Jika kedua pihak telah memenuhi syarat-syarat ini, maka rukun pihak-pihak yang berakad dapat dikatakan sudah terpenuhi.
2. Objek Akad
Rukun selanjutnya adalah objek akad. Objek akad harus jelas dan dapat diserahterimakan, baik berupa barang, jasa, atau hak tertentu. Agar objek akad sesuai dengan syariah, ada beberapa hal yang perlu diperhatikan:
a. Halal: Objek yang diperjualbelikan atau menjadi bagian dari akad harus halal menurut hukum Islam. Misalnya, menjual barang haram seperti alkohol atau daging babi jelas tidak sah.
b. Jelas dan pasti: Objek akad harus jelas dan tidak menimbulkan keraguan. Dalam jual beli, misalnya, barang yang dijual harus teridentifikasi dengan baik, baik secara fisik maupun karakteristiknya.
c. Bukan objek yang tidak dapat dimiliki atau tidak dapat diserahkan: Objek akad harus sesuatu yang bisa dimiliki atau diserahkan kepada pihak lain. Sehingga, akad atas barang yang tidak bisa diserahkan secara fisik (misalnya benda yang sudah hilang) tidak sah.

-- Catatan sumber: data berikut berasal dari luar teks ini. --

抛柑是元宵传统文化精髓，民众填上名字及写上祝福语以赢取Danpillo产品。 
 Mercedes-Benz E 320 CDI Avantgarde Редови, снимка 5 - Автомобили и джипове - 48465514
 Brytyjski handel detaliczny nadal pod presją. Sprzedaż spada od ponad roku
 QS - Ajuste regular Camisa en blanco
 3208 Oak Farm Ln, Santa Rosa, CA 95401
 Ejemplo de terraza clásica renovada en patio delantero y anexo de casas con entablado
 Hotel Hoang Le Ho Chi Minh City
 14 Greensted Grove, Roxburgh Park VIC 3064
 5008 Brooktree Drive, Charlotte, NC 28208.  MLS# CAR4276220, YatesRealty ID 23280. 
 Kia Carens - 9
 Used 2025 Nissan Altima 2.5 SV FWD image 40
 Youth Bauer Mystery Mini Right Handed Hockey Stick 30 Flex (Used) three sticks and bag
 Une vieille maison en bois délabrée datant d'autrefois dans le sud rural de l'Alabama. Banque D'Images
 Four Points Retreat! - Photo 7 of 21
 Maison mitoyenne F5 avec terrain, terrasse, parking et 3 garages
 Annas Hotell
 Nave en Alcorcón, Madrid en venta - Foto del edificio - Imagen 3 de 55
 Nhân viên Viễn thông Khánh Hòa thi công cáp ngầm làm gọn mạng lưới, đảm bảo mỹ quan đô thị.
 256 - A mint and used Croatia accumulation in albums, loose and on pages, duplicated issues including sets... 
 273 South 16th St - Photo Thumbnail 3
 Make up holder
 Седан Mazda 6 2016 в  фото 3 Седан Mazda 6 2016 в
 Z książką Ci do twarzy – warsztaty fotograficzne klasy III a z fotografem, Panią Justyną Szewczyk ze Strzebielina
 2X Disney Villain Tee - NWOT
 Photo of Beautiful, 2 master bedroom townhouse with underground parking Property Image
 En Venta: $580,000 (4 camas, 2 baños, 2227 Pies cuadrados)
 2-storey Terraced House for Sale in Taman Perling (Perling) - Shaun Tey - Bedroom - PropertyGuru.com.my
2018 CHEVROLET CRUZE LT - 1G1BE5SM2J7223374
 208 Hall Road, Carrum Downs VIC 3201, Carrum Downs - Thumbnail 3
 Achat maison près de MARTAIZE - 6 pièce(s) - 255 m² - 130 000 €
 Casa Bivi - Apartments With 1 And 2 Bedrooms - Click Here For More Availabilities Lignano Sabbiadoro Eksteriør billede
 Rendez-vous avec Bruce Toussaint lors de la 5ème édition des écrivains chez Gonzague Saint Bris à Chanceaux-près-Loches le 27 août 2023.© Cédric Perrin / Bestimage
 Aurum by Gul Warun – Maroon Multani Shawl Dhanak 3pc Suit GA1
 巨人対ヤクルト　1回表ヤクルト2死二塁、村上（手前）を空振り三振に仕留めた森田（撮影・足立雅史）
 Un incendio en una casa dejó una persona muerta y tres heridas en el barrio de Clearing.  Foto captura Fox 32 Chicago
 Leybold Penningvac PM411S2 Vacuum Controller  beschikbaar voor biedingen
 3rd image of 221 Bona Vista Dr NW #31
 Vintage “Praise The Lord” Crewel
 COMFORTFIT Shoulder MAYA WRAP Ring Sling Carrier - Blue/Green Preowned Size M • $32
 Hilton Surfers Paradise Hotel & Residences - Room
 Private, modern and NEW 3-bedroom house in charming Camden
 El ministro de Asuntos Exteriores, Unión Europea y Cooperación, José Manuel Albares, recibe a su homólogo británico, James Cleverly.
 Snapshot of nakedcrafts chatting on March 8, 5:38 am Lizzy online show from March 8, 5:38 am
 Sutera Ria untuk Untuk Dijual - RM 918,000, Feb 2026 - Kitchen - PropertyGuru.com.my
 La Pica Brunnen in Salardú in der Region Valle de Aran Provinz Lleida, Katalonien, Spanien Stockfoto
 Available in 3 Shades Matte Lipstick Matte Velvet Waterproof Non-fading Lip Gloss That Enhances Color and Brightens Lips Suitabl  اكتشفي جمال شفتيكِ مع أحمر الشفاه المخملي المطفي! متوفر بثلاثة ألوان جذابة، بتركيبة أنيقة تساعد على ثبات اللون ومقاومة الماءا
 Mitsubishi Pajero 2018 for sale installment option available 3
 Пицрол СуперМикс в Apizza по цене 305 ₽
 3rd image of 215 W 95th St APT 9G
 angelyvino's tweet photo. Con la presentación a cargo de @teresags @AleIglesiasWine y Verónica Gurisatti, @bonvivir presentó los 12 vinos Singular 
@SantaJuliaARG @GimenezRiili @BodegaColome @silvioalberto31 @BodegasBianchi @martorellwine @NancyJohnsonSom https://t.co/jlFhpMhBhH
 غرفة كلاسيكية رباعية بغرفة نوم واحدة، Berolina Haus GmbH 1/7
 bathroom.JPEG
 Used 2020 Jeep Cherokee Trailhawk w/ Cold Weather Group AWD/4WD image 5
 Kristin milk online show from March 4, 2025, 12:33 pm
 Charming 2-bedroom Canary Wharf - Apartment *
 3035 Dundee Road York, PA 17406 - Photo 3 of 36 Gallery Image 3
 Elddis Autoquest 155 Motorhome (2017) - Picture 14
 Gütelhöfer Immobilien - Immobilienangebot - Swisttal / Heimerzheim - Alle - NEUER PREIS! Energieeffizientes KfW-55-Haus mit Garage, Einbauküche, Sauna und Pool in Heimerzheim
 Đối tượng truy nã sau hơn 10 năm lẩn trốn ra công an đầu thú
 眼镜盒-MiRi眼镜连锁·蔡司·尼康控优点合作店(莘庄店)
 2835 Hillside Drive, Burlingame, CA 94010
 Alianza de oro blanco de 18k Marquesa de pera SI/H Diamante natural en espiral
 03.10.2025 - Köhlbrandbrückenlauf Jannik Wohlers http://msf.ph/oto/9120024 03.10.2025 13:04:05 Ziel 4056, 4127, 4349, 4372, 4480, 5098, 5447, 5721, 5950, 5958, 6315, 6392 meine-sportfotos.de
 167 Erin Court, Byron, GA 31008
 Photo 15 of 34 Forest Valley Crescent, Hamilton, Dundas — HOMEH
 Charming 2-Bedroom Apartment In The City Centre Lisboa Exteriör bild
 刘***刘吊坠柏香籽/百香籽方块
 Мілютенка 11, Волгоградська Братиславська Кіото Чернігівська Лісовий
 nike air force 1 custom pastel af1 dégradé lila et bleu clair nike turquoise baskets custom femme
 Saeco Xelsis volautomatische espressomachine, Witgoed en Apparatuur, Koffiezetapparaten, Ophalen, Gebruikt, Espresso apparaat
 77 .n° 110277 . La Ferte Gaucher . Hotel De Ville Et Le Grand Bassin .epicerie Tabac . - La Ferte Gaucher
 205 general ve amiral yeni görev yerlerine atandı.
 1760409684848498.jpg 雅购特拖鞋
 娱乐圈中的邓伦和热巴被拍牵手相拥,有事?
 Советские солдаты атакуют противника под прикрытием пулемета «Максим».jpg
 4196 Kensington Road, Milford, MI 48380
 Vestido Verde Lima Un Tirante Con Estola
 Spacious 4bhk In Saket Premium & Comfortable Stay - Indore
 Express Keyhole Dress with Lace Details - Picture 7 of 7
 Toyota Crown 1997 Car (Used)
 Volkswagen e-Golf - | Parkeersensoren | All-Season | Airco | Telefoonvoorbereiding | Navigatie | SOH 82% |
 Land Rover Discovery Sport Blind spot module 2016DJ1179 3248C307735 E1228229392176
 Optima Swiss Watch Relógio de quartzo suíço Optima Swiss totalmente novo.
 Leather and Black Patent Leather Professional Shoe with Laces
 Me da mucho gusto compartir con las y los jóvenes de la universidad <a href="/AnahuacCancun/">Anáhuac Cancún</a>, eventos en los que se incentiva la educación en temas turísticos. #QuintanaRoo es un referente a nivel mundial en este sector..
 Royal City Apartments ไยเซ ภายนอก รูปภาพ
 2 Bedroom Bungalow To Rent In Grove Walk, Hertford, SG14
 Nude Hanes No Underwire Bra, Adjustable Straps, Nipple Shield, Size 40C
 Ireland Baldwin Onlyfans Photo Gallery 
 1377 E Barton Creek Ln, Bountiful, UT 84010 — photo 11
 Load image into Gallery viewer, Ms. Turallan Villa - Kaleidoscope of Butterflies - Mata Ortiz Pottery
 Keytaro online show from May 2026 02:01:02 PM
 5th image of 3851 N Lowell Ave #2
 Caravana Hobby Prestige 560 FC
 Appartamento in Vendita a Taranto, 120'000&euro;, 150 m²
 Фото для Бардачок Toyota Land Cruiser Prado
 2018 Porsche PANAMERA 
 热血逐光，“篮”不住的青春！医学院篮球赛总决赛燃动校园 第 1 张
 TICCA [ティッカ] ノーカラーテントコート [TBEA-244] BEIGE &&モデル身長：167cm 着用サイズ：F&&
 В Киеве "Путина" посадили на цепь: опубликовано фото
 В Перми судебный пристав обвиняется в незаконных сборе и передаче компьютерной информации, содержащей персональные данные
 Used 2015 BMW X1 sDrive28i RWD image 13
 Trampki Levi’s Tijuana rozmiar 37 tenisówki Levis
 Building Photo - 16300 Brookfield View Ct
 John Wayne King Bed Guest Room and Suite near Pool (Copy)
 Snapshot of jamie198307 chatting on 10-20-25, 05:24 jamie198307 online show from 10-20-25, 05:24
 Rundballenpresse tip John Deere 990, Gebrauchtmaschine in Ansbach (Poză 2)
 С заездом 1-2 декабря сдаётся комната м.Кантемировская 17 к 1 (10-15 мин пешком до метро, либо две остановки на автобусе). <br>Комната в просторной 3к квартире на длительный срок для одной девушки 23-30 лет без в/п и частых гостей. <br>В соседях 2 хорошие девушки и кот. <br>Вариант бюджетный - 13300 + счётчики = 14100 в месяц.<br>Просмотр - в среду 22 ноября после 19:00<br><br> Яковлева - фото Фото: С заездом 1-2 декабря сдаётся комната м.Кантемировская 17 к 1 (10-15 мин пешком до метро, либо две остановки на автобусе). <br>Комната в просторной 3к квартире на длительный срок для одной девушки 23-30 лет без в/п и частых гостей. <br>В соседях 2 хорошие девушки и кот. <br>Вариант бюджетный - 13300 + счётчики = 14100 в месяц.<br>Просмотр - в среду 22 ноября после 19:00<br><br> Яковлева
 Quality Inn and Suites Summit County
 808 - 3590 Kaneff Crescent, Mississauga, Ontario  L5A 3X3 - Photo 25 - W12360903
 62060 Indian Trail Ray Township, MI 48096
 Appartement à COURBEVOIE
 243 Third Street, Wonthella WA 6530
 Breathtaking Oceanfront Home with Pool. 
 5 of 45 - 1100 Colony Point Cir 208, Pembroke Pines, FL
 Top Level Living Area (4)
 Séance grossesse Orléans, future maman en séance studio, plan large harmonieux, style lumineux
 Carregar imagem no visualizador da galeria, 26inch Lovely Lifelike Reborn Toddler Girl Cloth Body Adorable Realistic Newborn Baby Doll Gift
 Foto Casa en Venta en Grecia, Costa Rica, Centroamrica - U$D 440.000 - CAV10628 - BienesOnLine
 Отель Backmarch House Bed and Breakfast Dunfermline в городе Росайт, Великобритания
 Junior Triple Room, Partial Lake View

Jika objek akad memenuhi kriteria ini, maka akad tersebut sudah memenuhi syarat dari sisi objek.
3. Ijab dan Qabul
Rukun ketiga yang tidak kalah penting adalah ijab dan qabul. Ijab adalah pernyataan penawaran atau pemberian yang dilakukan oleh salah satu pihak, sementara qabul adalah penerimaan atau persetujuan yang diberikan oleh pihak lainnya. Agar ijab dan qabul sah dalam perspektif syariah, ada beberapa hal yang perlu diperhatikan:
a. Kesepakatan yang jelas: Ijab dan qabul harus menunjukkan adanya kesepakatan yang jelas antara kedua belah pihak mengenai syarat-syarat transaksi. Jika ada ketidakjelasan, maka akad tersebut bisa batal atau menjadi tidak sah.
b. Berlangsung dalam waktu yang bersamaan: Dalam transaksi, ijab dan qabul harus dilakukan dalam waktu yang bersamaan, tidak ada jeda waktu yang terlalu lama antara keduanya. Jika ada waktu yang terlalu panjang antara keduanya, bisa jadi dianggap batal.
c. Tidak ada unsur paksaan: Kedua pihak harus memberikan ijab dan qabul dengan sukarela dan tanpa ada unsur tekanan atau pemaksaan dari pihak mana pun.
Jika ijab dan qabul dilakukan dengan syarat-syarat tersebut, maka rukun ini sudah terpenuhi dengan sah.